**The problem**
Return every entry exactly as written.

Records contained in a dataset
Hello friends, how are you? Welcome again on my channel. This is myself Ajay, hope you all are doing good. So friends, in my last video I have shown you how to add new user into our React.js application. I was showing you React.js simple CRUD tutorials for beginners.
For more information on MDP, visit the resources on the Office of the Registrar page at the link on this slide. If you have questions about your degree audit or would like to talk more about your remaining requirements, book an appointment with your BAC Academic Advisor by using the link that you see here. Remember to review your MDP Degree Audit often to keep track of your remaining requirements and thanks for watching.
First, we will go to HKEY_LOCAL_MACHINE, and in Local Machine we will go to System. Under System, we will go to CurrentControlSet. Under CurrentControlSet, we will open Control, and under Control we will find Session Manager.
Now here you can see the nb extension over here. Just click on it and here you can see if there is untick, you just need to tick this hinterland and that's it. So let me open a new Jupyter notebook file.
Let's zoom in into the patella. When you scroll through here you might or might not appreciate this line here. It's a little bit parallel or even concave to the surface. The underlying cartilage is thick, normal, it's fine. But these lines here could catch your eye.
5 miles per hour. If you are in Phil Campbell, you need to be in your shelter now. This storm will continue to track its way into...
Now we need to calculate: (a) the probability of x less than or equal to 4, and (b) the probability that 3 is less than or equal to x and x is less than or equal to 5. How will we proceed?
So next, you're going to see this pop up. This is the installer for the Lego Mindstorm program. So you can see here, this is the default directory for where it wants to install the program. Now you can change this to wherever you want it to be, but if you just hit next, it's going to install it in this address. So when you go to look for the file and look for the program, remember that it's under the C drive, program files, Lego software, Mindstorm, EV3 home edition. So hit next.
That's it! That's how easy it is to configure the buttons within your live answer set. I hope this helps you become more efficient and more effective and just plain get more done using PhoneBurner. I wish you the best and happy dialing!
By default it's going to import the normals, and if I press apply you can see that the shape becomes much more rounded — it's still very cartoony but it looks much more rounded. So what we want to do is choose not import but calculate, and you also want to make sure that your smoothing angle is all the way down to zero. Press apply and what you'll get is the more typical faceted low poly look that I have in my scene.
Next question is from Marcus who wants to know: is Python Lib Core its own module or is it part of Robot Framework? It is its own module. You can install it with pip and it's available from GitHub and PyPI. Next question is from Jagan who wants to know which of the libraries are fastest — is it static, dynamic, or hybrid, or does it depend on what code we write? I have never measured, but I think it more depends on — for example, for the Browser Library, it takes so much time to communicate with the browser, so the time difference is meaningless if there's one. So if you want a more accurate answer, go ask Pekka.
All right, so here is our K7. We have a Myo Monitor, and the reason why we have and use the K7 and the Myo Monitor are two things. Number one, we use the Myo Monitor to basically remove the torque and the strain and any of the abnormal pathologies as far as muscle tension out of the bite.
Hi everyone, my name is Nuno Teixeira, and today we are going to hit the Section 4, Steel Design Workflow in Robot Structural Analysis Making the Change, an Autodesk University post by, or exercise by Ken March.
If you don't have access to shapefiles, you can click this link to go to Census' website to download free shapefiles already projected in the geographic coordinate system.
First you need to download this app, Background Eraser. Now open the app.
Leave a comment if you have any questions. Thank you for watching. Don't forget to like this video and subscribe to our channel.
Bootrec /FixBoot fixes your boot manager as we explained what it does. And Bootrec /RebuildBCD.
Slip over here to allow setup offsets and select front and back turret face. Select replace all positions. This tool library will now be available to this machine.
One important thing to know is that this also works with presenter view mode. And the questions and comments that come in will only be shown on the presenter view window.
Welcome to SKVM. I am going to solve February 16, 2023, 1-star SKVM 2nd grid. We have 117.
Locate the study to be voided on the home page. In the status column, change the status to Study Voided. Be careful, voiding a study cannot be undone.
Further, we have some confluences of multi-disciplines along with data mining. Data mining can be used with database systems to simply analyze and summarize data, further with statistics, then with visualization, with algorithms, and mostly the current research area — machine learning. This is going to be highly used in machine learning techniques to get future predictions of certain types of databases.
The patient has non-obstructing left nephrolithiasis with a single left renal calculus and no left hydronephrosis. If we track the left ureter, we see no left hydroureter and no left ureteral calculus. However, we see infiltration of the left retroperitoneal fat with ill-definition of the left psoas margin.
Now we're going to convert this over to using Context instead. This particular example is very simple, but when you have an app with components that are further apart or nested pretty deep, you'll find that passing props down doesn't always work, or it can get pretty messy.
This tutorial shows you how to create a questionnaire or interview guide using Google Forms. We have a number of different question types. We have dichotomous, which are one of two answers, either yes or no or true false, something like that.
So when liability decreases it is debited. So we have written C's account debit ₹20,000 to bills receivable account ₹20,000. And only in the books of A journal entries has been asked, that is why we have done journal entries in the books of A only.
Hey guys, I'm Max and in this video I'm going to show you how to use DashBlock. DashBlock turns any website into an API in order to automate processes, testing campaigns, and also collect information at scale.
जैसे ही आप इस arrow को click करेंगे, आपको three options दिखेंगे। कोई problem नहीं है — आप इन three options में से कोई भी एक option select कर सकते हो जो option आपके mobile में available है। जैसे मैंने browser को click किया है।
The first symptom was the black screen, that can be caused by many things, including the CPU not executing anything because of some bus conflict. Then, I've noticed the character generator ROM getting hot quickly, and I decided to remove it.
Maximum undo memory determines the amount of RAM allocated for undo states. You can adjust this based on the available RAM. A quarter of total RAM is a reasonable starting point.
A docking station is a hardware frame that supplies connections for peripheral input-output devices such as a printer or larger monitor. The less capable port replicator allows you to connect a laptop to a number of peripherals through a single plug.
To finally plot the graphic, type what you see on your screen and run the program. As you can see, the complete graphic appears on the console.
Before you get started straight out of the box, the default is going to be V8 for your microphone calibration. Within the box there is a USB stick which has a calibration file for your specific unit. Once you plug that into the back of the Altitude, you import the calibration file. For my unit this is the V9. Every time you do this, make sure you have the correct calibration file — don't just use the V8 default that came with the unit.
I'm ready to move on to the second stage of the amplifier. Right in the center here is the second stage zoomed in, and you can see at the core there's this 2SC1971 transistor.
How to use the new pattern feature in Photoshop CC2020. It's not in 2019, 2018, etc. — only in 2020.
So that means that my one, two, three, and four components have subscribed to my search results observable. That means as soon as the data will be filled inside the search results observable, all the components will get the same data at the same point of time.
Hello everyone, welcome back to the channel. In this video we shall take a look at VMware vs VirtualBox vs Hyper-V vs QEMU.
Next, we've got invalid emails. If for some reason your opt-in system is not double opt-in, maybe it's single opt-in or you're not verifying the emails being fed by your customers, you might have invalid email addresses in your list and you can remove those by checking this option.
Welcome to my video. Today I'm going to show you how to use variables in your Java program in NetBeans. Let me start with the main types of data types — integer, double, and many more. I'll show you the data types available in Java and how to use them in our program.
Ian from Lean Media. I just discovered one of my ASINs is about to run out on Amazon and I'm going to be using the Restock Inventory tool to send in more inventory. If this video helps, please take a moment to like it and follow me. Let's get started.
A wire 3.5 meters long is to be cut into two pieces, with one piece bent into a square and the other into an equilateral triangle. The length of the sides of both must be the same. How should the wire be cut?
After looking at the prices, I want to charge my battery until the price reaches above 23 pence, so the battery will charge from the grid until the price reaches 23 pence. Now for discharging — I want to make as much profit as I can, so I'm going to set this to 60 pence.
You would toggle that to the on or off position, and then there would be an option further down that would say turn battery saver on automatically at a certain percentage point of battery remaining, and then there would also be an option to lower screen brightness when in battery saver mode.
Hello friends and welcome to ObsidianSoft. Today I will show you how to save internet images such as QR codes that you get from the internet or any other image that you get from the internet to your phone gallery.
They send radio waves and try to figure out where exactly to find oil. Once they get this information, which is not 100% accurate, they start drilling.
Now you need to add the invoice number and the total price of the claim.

**Output below**
Hello friends, how are you? Welcome again on my channel. This is myself Ajay, hope you all are doing good. So friends, in my last video I have shown you how to add new user into our React.js application. I was showing you React.js simple CRUD tutorials for beginners.
For more information on MDP, visit the resources on the Office of the Registrar page at the link on this slide. If you have questions about your degree audit or would like to talk more about your remaining requirements, book an appointment with your BAC Academic Advisor by using the link that you see here. Remember to review your MDP Degree Audit often to keep track of your remaining requirements and thanks for watching.
First, we will go to HKEY_LOCAL_MACHINE, and in Local Machine we will go to System. Under System, we will go to CurrentControlSet. Under CurrentControlSet, we will open Control, and under Control we will find Session Manager.
Now here you can see the nb extension over here. Just click on it and here you can see if there is untick, you just need to tick this hinterland and that's it. So let me open a new Jupyter notebook file.
Let's zoom in into the patella. When you scroll through here you might or might not appreciate this line here. It's a little bit parallel or even concave to the surface. The underlying cartilage is thick, normal, it's fine. But these lines here could catch your eye.
5 miles per hour. If you are in Phil Campbell, you need to be in your shelter now. This storm will continue to track its way into...
Now we need to calculate: (a) the probability of x less than or equal to 4, and (b) the probability that 3 is less than or equal to x and x is less than or equal to 5. How will we proceed?
So next, you're going to see this pop up. This is the installer for the Lego Mindstorm program. So you can see here, this is the default directory for where it wants to install the program. Now you can change this to wherever you want it to be, but if you just hit next, it's going to install it in this address. So when you go to look for the file and look for the program, remember that it's under the C drive, program files, Lego software, Mindstorm, EV3 home edition. So hit next.
That's it! That's how easy it is to configure the buttons within your live answer set. I hope this helps you become more efficient and more effective and just plain get more done using PhoneBurner. I wish you the best and happy dialing!
By default it's going to import the normals, and if I press apply you can see that the shape becomes much more rounded — it's still very cartoony but it looks much more rounded. So what we want to do is choose not import but calculate, and you also want to make sure that your smoothing angle is all the way down to zero. Press apply and what you'll get is the more typical faceted low poly look that I have in my scene.
Next question is from Marcus who wants to know: is Python Lib Core its own module or is it part of Robot Framework? It is its own module. You can install it with pip and it's available from GitHub and PyPI. Next question is from Jagan who wants to know which of the libraries are fastest — is it static, dynamic, or hybrid, or does it depend on what code we write? I have never measured, but I think it more depends on — for example, for the Browser Library, it takes so much time to communicate with the browser, so the time difference is meaningless if there's one. So if you want a more accurate answer, go ask Pekka.
All right, so here is our K7. We have a Myo Monitor, and the reason why we have and use the K7 and the Myo Monitor are two things. Number one, we use the Myo Monitor to basically remove the torque and the strain and any of the abnormal pathologies as far as muscle tension out of the bite.
Hi everyone, my name is Nuno Teixeira, and today we are going to hit the Section 4, Steel Design Workflow in Robot Structural Analysis Making the Change, an Autodesk University post by, or exercise by Ken March.
If you don't have access to shapefiles, you can click this link to go to Census' website to download free shapefiles already projected in the geographic coordinate system.
First you need to download this app, Background Eraser. Now open the app.
Leave a comment if you have any questions. Thank you for watching. Don't forget to like this video and subscribe to our channel.
Bootrec /FixBoot fixes your boot manager as we explained what it does. And Bootrec /RebuildBCD.
Slip over here to allow setup offsets and select front and back turret face. Select replace all positions. This tool library will now be available to this machine.
One important thing to know is that this also works with presenter view mode. And the questions and comments that come in will only be shown on the presenter view window.
Welcome to SKVM. I am going to solve February 16, 2023, 1-star SKVM 2nd grid. We have 117.
Locate the study to be voided on the home page. In the status column, change the status to Study Voided. Be careful, voiding a study cannot be undone.
Further, we have some confluences of multi-disciplines along with data mining. Data mining can be used with database systems to simply analyze and summarize data, further with statistics, then with visualization, with algorithms, and mostly the current research area — machine learning. This is going to be highly used in machine learning techniques to get future predictions of certain types of databases.
The patient has non-obstructing left nephrolithiasis with a single left renal calculus and no left hydronephrosis. If we track the left ureter, we see no left hydroureter and no left ureteral calculus. However, we see infiltration of the left retroperitoneal fat with ill-definition of the left psoas margin.
Now we're going to convert this over to using Context instead. This particular example is very simple, but when you have an app with components that are further apart or nested pretty deep, you'll find that passing props down doesn't always work, or it can get pretty messy.
This tutorial shows you how to create a questionnaire or interview guide using Google Forms. We have a number of different question types. We have dichotomous, which are one of two answers, either yes or no or true false, something like that.
So when liability decreases it is debited. So we have written C's account debit ₹20,000 to bills receivable account ₹20,000. And only in the books of A journal entries has been asked, that is why we have done journal entries in the books of A only.
Hey guys, I'm Max and in this video I'm going to show you how to use DashBlock. DashBlock turns any website into an API in order to automate processes, testing campaigns, and also collect information at scale.
जैसे ही आप इस arrow को click करेंगे, आपको three options दिखेंगे। कोई problem नहीं है — आप इन three options में से कोई भी एक option select कर सकते हो जो option आपके mobile में available है। जैसे मैंने browser को click किया है।
The first symptom was the black screen, that can be caused by many things, including the CPU not executing anything because of some bus conflict. Then, I've noticed the character generator ROM getting hot quickly, and I decided to remove it.
Maximum undo memory determines the amount of RAM allocated for undo states. You can adjust this based on the available RAM. A quarter of total RAM is a reasonable starting point.
A docking station is a hardware frame that supplies connections for peripheral input-output devices such as a printer or larger monitor. The less capable port replicator allows you to connect a laptop to a number of peripherals through a single plug.
To finally plot the graphic, type what you see on your screen and run the program. As you can see, the complete graphic appears on the console.
Before you get started straight out of the box, the default is going to be V8 for your microphone calibration. Within the box there is a USB stick which has a calibration file for your specific unit. Once you plug that into the back of the Altitude, you import the calibration file. For my unit this is the V9. Every time you do this, make sure you have the correct calibration file — don't just use the V8 default that came with the unit.
I'm ready to move on to the second stage of the amplifier. Right in the center here is the second stage zoomed in, and you can see at the core there's this 2SC1971 transistor.
How to use the new pattern feature in Photoshop CC2020. It's not in 2019, 2018, etc. — only in 2020.
So that means that my one, two, three, and four components have subscribed to my search results observable. That means as soon as the data will be filled inside the search results observable, all the components will get the same data at the same point of time.
Hello everyone, welcome back to the channel. In this video we shall take a look at VMware vs VirtualBox vs Hyper-V vs QEMU.
Next, we've got invalid emails. If for some reason your opt-in system is not double opt-in, maybe it's single opt-in or you're not verifying the emails being fed by your customers, you might have invalid email addresses in your list and you can remove those by checking this option.
Welcome to my video. Today I'm going to show you how to use variables in your Java program in NetBeans. Let me start with the main types of data types — integer, double, and many more. I'll show you the data types available in Java and how to use them in our program.
Ian from Lean Media. I just discovered one of my ASINs is about to run out on Amazon and I'm going to be using the Restock Inventory tool to send in more inventory. If this video helps, please take a moment to like it and follow me. Let's get started.
A wire 3.5 meters long is to be cut into two pieces, with one piece bent into a square and the other into an equilateral triangle. The length of the sides of both must be the same. How should the wire be cut?
After looking at the prices, I want to charge my battery until the price reaches above 23 pence, so the battery will charge from the grid until the price reaches 23 pence. Now for discharging — I want to make as much profit as I can, so I'm going to set this to 60 pence.
You would toggle that to the on or off position, and then there would be an option further down that would say turn battery saver on automatically at a certain percentage point of battery remaining, and then there would also be an option to lower screen brightness when in battery saver mode.
Hello friends and welcome to ObsidianSoft. Today I will show you how to save internet images such as QR codes that you get from the internet or any other image that you get from the internet to your phone gallery.
They send radio waves and try to figure out where exactly to find oil. Once they get this information, which is not 100% accurate, they start drilling.
Now you need to add the invoice number and the total price of the claim.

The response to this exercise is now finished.